I use paperless-ngx to manage my documents, together with some rules that automaticaly ingest PDFs from my mail boxes. However, I noticed that a recently received invoice from AWS was not ingested as expected. Looking at the logs I found this error message for it:
invoice.pdf: Error occurred while consuming document invoice.pdf: DigitalSignatureError: Input PDF has a digital signature. OCR would alter the document,
invalidating the signature.
I don’t know if a software update brought this refusal to run OCR on signed PDFs, or if AWS simply so long didn’t send me signed PDFs, but I needed to find a way to force paperless to ingest signed things as well as having all of that stuff stored in paperless is a vital part of my accounting workflow.
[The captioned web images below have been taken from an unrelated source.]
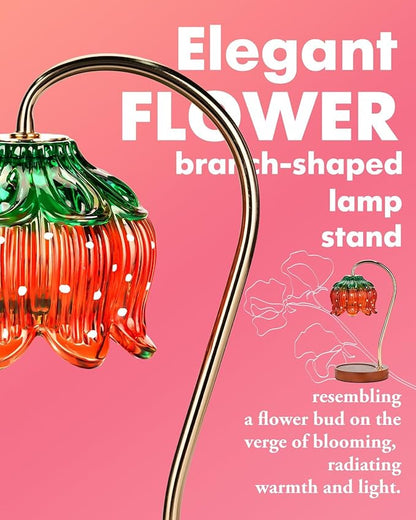 Funistree Strawberry Candle Warmer Lamp, Cute Candle Lamp with Timer & Dimmable, Mothers Day Birthday Gifts for Women Mom, House Warming Gift New Home, Wax Melt Warmer for Yankee Village Candles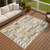 8' X 10' Ivory And Silver Geometric Washable Indoor Outdoor Area Rug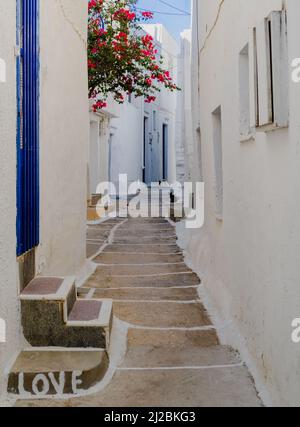 Typische schmale Gasse in der Altstadt von Chora, iOS, Griechenland Stockfoto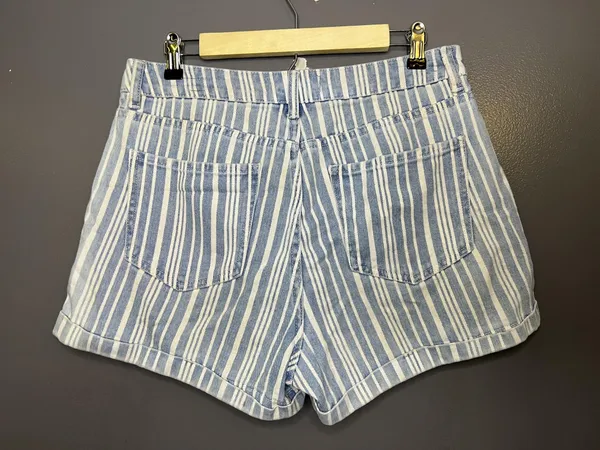PacSun Mom Denim Shorts Womens 29 Blue Striped High Rise Cuffed Casual - Image 2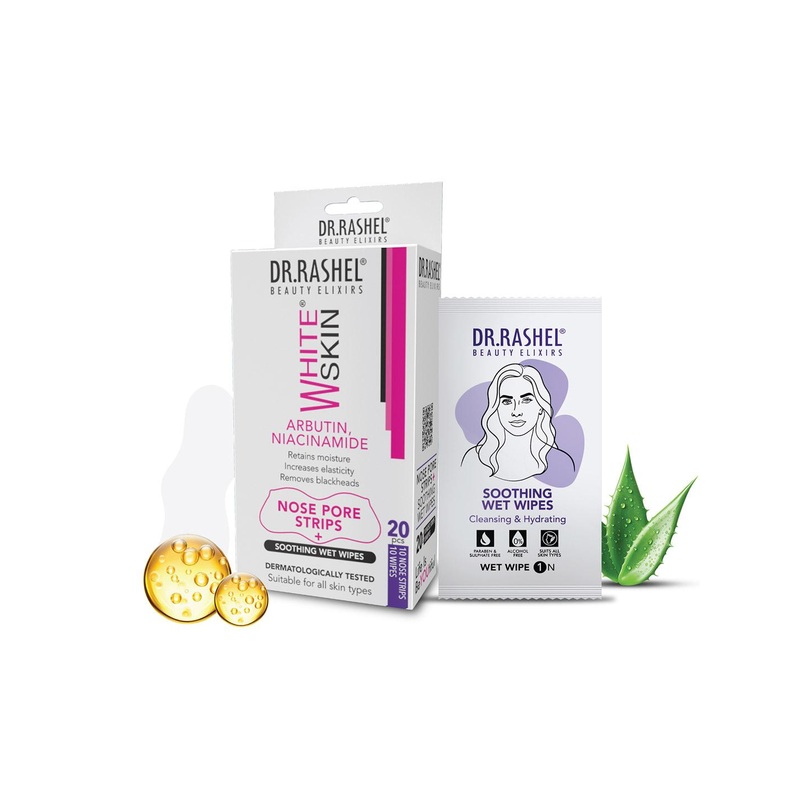 DR.RASHEL Pack of 20 White Skin Nose Strips -10 Strips & 10 Wipes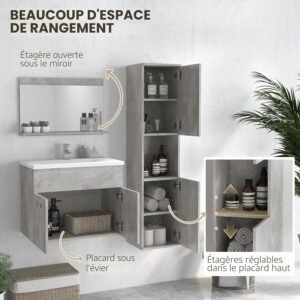 Meubles de salle de bain kleankin ensemble mural gris
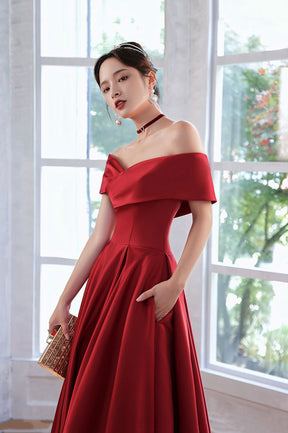Burgundy Satin Long A-Line Prom Dress, Simple V-Neck Evening Dress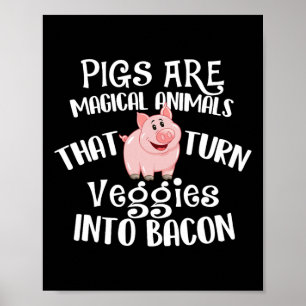 Schweine sind magische Tiere - Bycon Lover Grillen Poster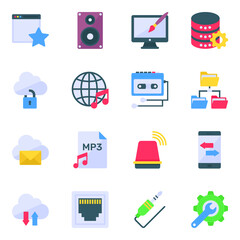 
Pack of Multimedia and Technology Flat Icons 
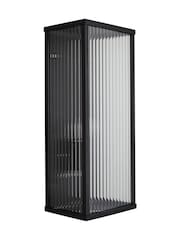 BHS Black Memphis E27 Box Outdoor Frame Lantern with Ribbed Glass - Image 4 of 6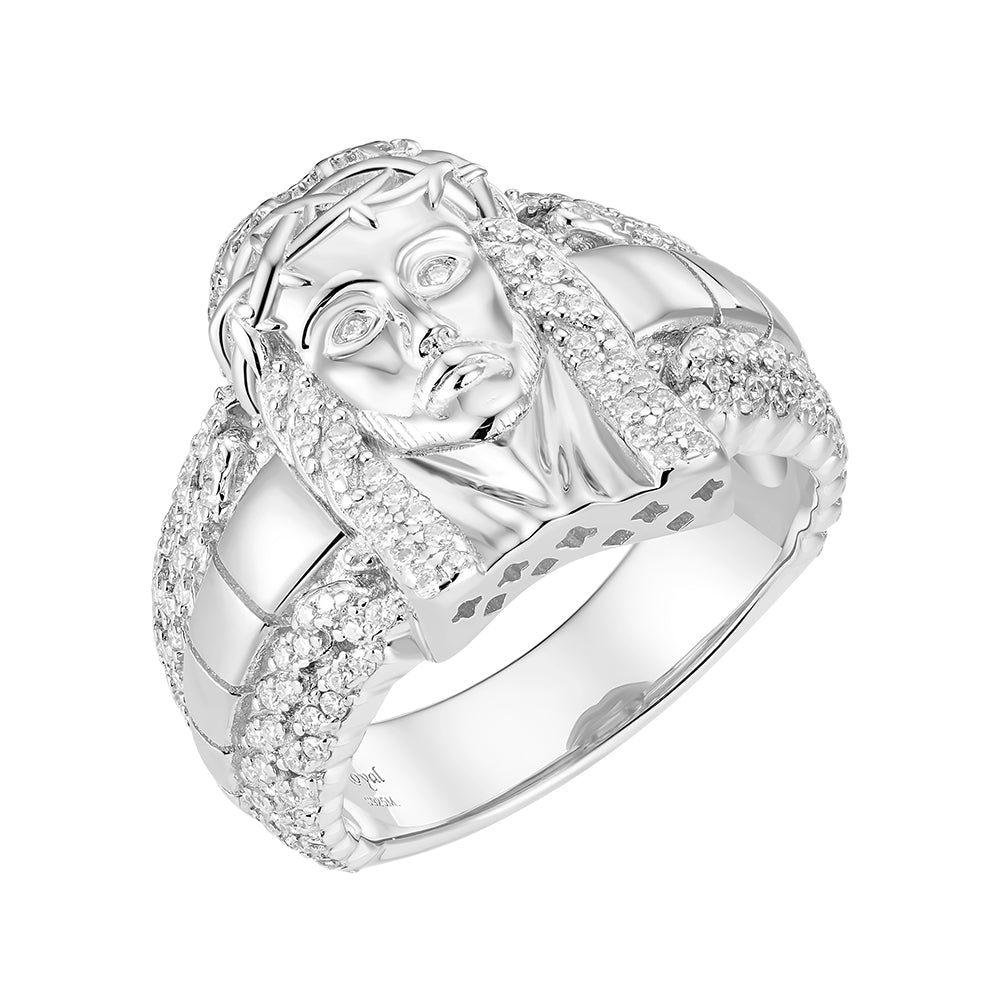 S Silver Round Moissanite Jesus Religious SZ 10 Mens Ring RP 1 Cttw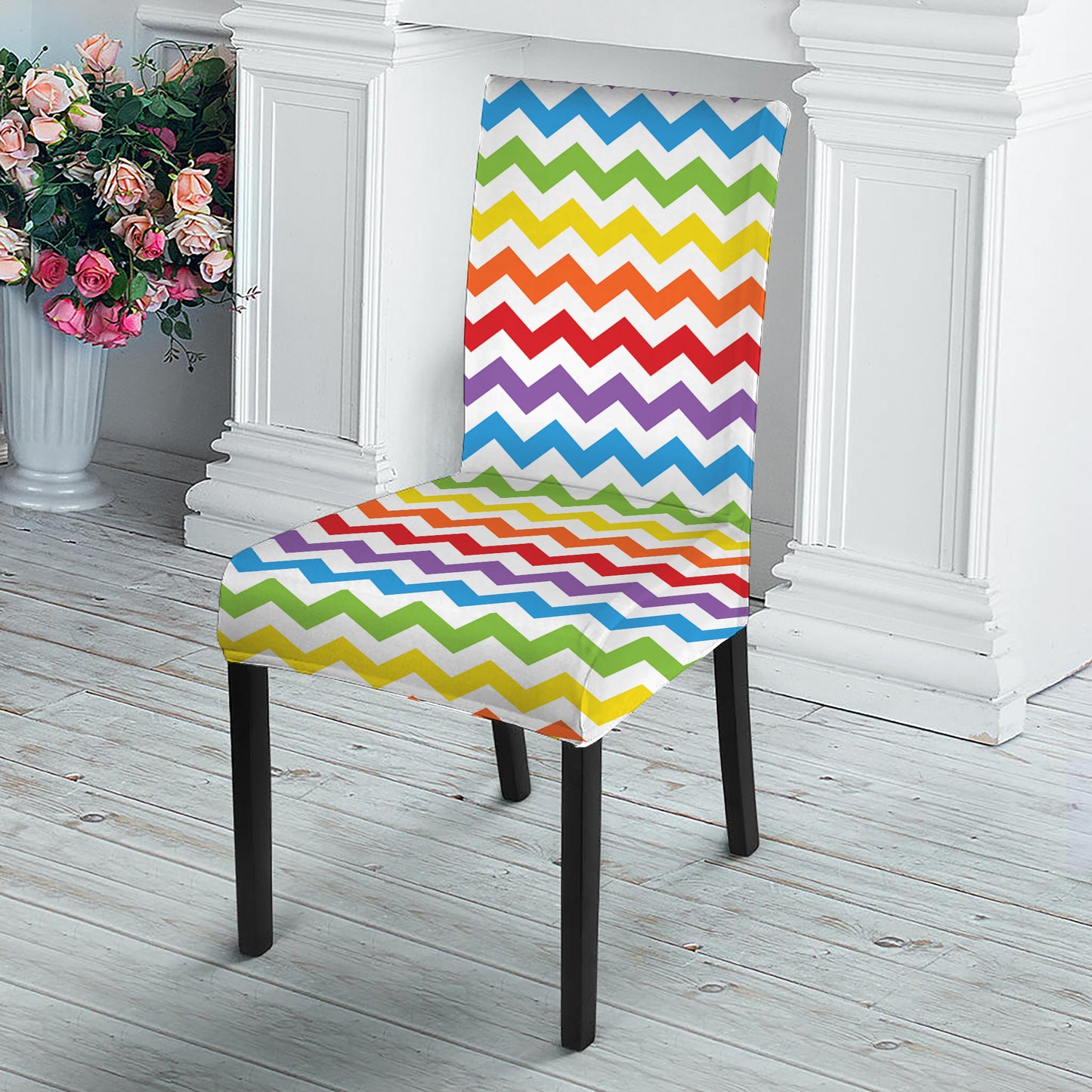 Rainbow Chevron Pattern Print Dining Chair Slipcover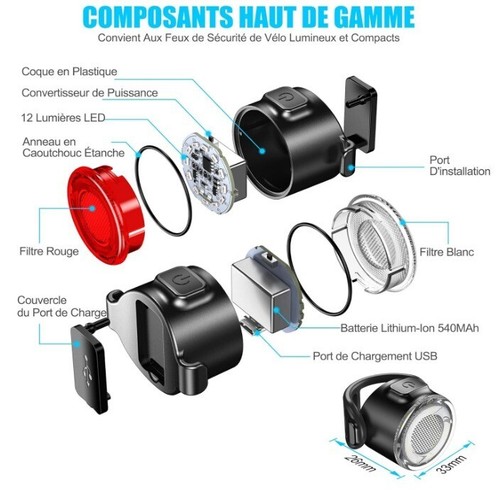 Fahrradlicht, Scheinwerfer Fahrradlampe vorne und hinten vielseitig wiederaufladbar USB - Bild 7 von 7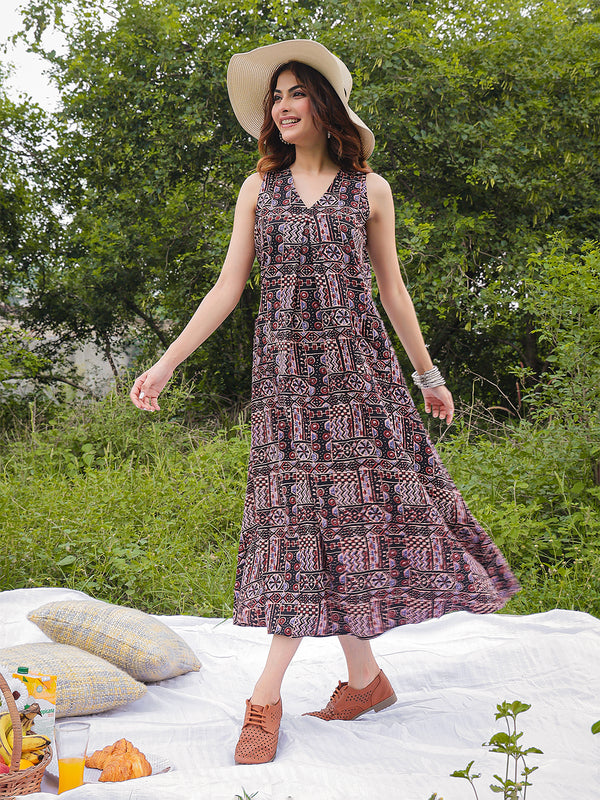 Gulmohar Jaipur Rayon Calf Length Printed Sleeveless V-Neck Flared Dress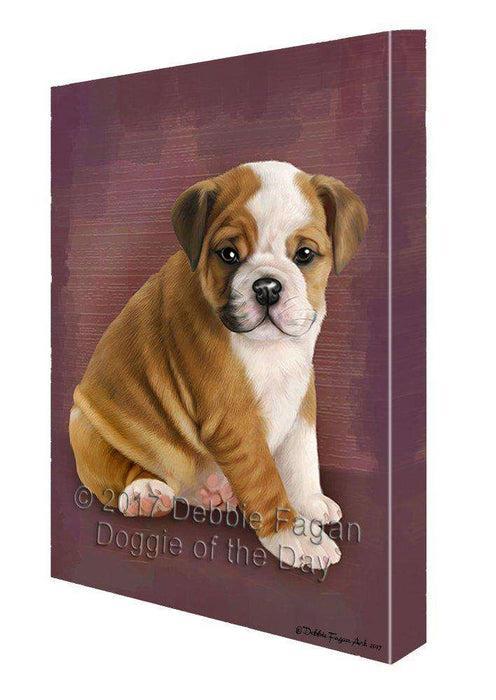 Bulldog Dog Painting Printed on Canvas Wall Art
A quick search for the error message brought me to
this discussion on the paperless-ngx GitHub repository
and therein I also found the solution,
which is to set the PAPERLESS_OCR_USER_ARGS
config option to
{"invalidate_digital_signatures": true}
.
As I run paperless via Docker I needed to add the following to the environment
section in my paperless
docker-compose.yml
:
services:
# ...
paperless:
# ...
environment:
# ...
PAPERLESS_OCR_USER_ARGS: '{"invalidate_digital_signatures": true}'
# ...
And after adding this and a quick docker compose up -d
things seem to now work as expected
again. Yay!